A ti, que luchaste durante siglos para no ser la sombra invisible de nadie; que zurcías calcetines para guardar monedas y pegabas parches en pantalones rotos; que estirabas cuatro pesetas para poder llegar a fin de mes;
que levantabas el alba ordenando ropas y lo cerrabas con una sonrisa paciente; que hacías pucheros con dos avíos para comer cinco.
A ti, que dejaste de ser la huella de nadie para levantar el muro de tu independencia;
que huiste del miedo y construiste tu voz propia; que llenaste universidades para mostrar inteligencia y talento, constancia y esfuerzo; que inventaste el tiempo para trabajar y sacar a tus hijos adelante; que sacas fuerzas como nadie, que eres bastón y guía, faro de mar y estrella de noche.
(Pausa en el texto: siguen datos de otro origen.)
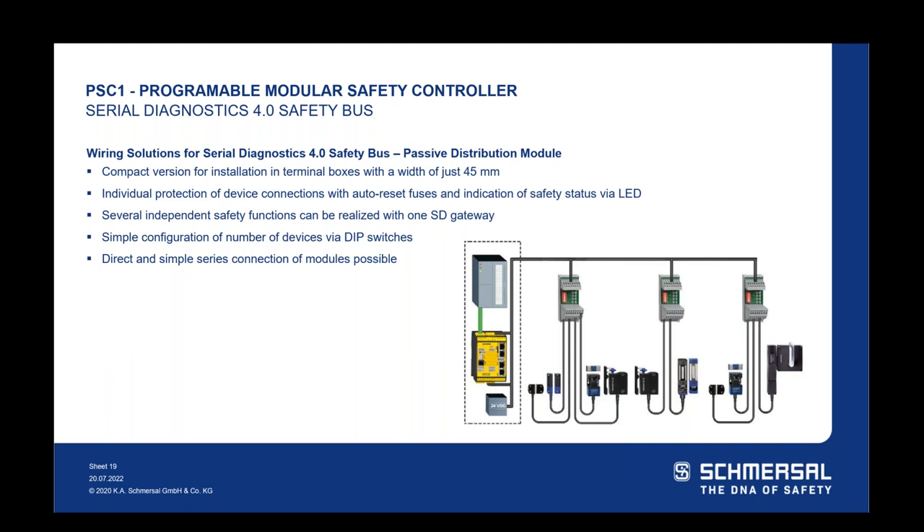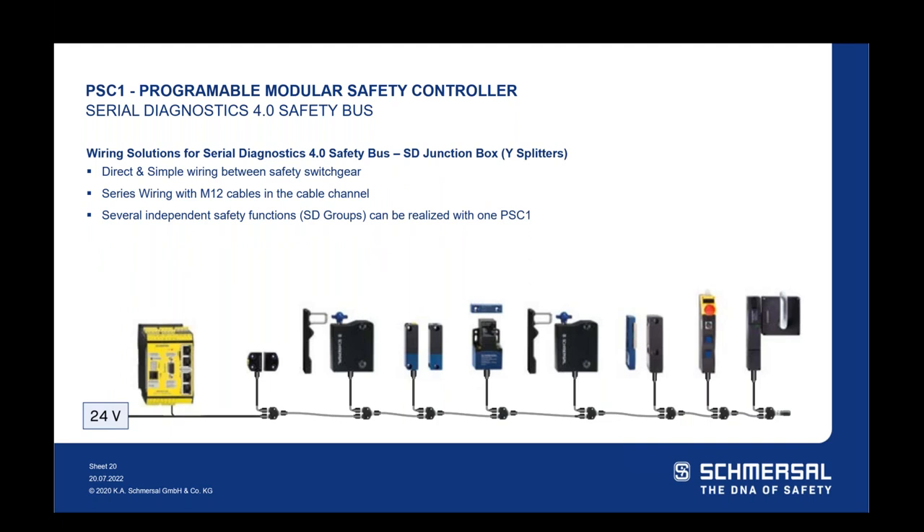With the passive distribution module — a junction box, in-cabinet solution — you get away from M12 cables, landing more wires directly. It's more labor-intensive for installation, but you're still reducing terminal blocks and I/O needed in the cabinet, and you still get all diagnostics information, LED indications, and DIP switch programming. It's slightly lower cost from a hardware standpoint, but you'll offset that with installation labor. The Y-splitters or serial diagnostics junction boxes offer direct, simple wiring between safety switchgear in the cable tray — a very clean installation — still mixing and matching locking, non-locking, and control panels, and reducing cables back to the cabinet.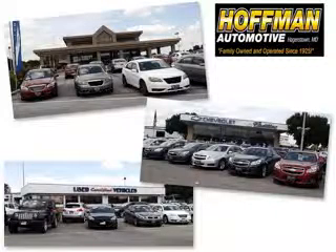We are a family-owned and operated business serving all your Chevrolet, Cadillac, Dodge, Chrysler, Jeep, Ram, and pre-owned vehicle needs since 1925.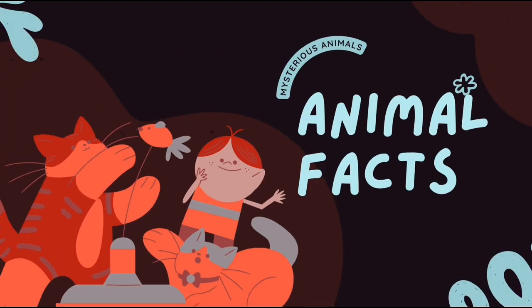Welcome, animal lovers! Get ready to embark on the amazing world of our furry, feathered, and finned friends.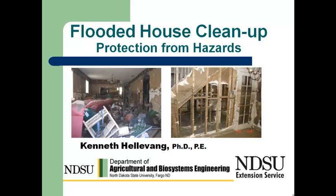This is Ken Hellevang, Agricultural Engineer with the NDSU Extension Service. We're going to be doing a series of five short video clips related to flooded house cleanup. The first one is going to be on protection from hazards as you're going in and doing the cleanup. It's important that we be aware of what we're going to face and take appropriate protection so that we don't get hurt as we're doing that cleanup.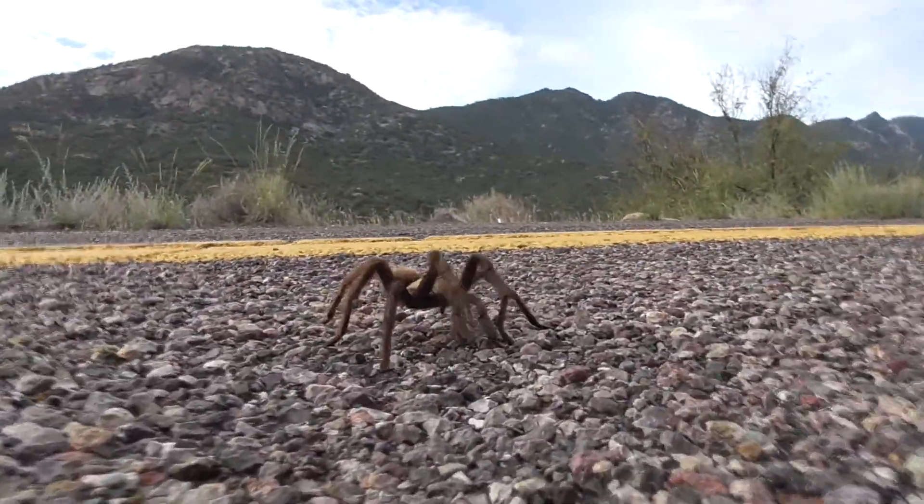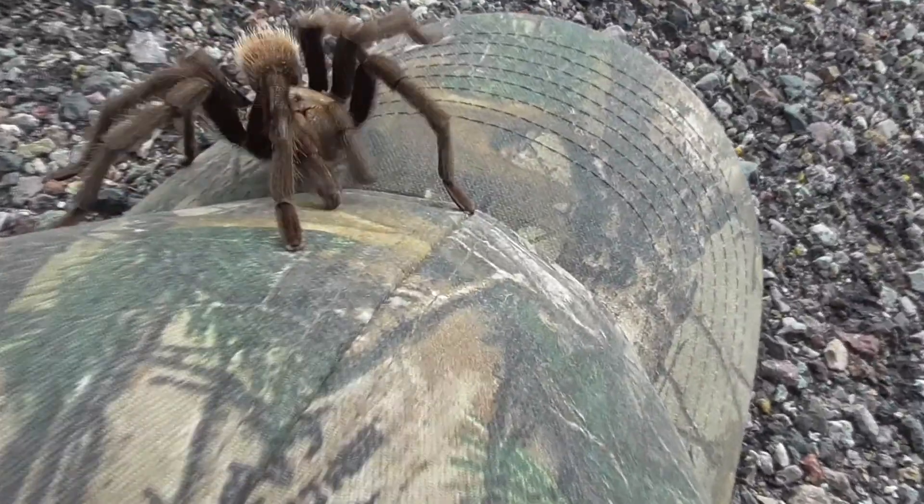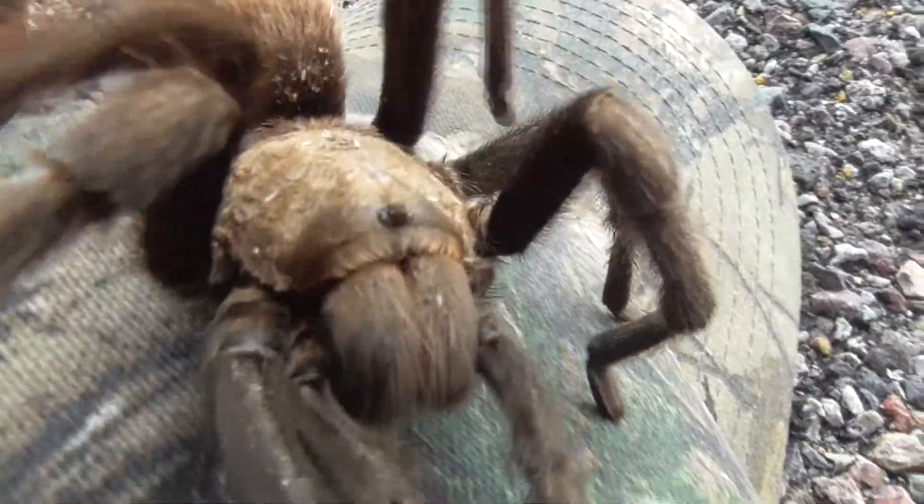If I'm not mistaken, this is the Arizona blonde tarantula. The Arizona blonde tarantula is actually a more docile species of tarantula, and so they often make really good pets.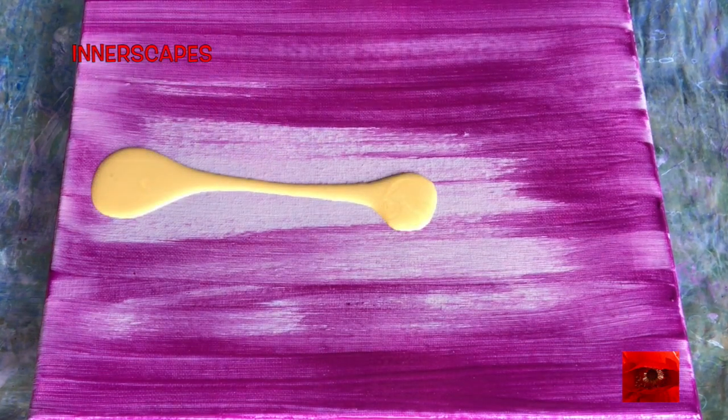Hi everyone, this is Thea Unspeakable from Innerscape's Art Studios. Today I am prepping the canvas with some cobalt violet hue and some iridescent gold.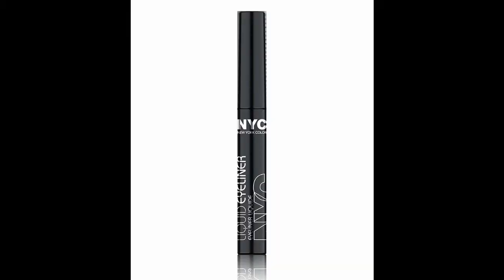First is the NYC eyeliner — I'm going to insert a photo of it. Some of these I don't have in front of me, but they are really good products and I still want to mention them. This is $2.99 and it has a really nice applicator, so I do recommend it if you're looking for a good affordable eyeliner.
A ti, mujer, a ti, «que has bailado la vida con dos corazones y respirado con cuatro pulmones»; que has cambiado el negro para pintar paisajes de colores; que has dicho basta a la injusticia y te has convertido en protagonista; que eres aire, brisa, huracán y tormenta…
A ti, mujer, mi admiración y mi respeto.
Emilio Leiva, «Cuando la vida se puso en serio». (Muy pronto)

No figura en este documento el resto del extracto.